This year’s Eurovision Song Contest winner Ukraine will not host the competition in 2023 and will instead be offered to the United Kingdom, the competition’s organizers the European Broadcast Union (EBU) said in a statement on Friday.
It is tradition for the previous year’s winner to host the next event, but the EBU said a safety and security assessment has determined it will not be feasible for Ukraine due to the ongoing war in the country.
“The Eurovision Song Contest is one of the most complex TV productions in the world with thousands working on, and attending, the event and 12 months of preparation time needed,” it said.
The contest’s governing board, the Reference Group, has concluded that current circumstances mean “the security and operational guarantees required for a broadcaster to host, organize and produce the Eurovision Song Contest under the ESC Rules cannot be fulfilled by UA:PBC [Ukraine’s public broadcaster],” the statement said.
Ukraine’s folk-rap group Kalush Orchestra won this year’s Eurovision in May, surfing a wave of goodwill from European nations to clinch the country’s third win at the event.

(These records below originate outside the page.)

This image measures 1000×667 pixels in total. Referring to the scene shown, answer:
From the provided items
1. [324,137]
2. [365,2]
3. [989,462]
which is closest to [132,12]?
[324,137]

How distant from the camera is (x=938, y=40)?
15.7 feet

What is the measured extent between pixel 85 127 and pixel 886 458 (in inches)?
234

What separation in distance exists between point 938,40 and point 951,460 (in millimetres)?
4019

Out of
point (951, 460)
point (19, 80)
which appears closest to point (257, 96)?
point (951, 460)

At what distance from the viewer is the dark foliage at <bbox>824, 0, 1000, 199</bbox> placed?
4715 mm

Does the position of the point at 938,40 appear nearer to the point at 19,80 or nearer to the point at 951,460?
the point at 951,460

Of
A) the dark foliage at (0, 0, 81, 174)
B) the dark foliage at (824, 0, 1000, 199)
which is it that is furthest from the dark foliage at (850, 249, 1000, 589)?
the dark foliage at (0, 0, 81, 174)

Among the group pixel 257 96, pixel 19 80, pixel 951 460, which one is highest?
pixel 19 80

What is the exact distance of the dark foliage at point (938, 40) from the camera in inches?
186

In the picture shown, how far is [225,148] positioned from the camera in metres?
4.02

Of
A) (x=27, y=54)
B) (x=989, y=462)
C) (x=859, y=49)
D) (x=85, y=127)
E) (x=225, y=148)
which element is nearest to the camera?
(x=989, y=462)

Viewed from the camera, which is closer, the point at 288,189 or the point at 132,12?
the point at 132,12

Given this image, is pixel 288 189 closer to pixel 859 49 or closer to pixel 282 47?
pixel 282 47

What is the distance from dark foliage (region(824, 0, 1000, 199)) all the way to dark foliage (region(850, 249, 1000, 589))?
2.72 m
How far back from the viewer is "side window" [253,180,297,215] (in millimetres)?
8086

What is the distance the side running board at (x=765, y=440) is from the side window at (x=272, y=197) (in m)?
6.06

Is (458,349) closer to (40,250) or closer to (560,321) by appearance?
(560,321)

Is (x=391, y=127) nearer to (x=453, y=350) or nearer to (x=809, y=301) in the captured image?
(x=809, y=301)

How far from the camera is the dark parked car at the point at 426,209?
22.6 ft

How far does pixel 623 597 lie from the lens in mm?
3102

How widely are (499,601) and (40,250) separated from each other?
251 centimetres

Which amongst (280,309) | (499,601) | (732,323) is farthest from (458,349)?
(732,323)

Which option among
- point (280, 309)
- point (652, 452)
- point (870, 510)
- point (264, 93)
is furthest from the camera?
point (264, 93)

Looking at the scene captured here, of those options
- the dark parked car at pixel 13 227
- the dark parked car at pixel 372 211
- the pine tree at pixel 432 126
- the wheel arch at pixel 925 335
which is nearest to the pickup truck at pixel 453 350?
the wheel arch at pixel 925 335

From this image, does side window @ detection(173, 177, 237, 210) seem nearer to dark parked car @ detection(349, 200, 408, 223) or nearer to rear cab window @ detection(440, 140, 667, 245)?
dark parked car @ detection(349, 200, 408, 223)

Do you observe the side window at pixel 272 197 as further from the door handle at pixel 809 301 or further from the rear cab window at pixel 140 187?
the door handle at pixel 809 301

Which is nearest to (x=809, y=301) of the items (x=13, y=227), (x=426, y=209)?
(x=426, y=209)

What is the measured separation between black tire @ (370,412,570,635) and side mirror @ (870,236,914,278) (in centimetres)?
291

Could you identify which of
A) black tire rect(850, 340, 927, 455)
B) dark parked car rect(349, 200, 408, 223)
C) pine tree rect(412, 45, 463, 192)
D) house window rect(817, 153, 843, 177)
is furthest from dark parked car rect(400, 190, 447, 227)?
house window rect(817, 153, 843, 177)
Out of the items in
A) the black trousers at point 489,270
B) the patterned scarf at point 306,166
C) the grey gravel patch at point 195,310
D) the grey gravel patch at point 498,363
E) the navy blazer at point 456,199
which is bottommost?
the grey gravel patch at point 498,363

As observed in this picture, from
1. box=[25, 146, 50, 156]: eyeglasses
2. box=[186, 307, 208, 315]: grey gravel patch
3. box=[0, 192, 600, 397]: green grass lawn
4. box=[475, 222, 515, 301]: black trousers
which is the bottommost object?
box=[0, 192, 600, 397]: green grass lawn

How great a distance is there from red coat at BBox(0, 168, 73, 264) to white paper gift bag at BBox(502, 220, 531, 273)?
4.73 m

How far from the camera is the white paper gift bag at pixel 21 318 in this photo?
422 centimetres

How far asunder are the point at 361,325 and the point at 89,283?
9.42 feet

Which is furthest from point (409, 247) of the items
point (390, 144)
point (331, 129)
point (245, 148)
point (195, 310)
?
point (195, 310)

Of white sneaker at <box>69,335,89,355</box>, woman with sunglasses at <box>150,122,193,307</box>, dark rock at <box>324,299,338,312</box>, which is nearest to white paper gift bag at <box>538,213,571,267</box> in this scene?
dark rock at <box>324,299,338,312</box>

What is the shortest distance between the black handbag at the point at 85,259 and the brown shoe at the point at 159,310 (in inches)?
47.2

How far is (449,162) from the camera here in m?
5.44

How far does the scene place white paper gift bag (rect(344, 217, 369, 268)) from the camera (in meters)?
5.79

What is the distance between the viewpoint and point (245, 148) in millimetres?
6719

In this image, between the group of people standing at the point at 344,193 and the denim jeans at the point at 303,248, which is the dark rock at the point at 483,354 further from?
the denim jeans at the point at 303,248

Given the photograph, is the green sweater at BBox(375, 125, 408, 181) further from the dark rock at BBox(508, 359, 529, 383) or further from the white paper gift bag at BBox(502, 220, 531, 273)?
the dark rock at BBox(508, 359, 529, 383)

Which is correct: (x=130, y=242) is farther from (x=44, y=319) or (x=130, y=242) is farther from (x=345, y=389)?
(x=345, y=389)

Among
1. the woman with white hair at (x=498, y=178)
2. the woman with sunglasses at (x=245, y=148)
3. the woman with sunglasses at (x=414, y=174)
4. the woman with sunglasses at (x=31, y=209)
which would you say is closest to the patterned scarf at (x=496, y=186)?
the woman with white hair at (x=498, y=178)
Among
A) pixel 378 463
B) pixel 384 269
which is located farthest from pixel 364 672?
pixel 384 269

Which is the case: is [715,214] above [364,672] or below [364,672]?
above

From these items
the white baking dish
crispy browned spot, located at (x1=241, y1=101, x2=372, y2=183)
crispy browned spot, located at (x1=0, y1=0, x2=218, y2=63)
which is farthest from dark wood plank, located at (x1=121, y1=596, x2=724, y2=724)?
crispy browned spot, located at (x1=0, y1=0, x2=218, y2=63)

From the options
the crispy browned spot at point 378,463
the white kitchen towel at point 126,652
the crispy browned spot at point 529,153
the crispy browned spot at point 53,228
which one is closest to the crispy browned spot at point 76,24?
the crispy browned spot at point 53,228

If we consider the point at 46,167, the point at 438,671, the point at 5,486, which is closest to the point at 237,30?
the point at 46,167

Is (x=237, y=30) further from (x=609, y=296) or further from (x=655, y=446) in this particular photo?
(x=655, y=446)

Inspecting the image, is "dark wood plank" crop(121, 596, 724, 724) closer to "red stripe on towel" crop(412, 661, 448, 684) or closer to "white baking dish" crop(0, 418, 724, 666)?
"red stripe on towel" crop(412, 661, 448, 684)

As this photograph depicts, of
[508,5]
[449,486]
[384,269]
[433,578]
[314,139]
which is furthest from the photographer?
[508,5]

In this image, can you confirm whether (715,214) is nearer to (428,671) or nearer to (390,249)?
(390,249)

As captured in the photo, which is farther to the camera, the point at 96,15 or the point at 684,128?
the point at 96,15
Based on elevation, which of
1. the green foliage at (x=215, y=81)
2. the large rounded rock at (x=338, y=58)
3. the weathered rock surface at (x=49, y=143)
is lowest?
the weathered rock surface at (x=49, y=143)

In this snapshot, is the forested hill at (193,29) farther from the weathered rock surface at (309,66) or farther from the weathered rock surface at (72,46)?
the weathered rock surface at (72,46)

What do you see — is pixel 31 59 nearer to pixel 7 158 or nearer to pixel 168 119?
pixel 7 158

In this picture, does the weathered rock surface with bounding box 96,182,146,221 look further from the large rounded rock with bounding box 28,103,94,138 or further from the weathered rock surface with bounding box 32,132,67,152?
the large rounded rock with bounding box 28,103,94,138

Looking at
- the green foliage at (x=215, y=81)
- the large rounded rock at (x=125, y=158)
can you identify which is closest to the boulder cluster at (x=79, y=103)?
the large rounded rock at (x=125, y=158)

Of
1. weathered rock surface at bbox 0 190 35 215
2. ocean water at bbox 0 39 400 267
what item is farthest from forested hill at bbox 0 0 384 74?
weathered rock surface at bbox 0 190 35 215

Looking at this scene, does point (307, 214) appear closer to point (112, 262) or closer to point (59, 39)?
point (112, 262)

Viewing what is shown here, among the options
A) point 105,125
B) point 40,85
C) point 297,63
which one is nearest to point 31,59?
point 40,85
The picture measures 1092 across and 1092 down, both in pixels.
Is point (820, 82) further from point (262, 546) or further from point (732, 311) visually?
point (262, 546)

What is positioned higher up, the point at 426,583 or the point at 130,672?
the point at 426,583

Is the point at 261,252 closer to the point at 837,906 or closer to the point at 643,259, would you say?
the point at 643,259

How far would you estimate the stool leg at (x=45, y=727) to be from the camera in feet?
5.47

The band’s song “Stefania” — written about the frontman’s mother — beat competition from main rivals the UK and Spain at the competition in the Italian city of Turin.
The event marked the first major cultural event in which Ukrainians had taken part in since Russia invaded in February, and many in the audience waved Ukraine’s blue and yellow national flag during the evening.
The statement thanked UA:PBC for their “wholehearted cooperation and commitment” following Kalush Orchestra’s win, and expressed the EBU’s “sadness and disappointment that next year’s Contest cannot be held in Ukraine.”
The EBU said it will now begin discussions with the BBC to potentially host the 2023 contest in the UK, as this year’s runner up.
“It is our full intention that Ukraine’s win will be reflected in next year’s shows. This will be a priority for us in our discussions with the eventual hosts,” the statement concluded.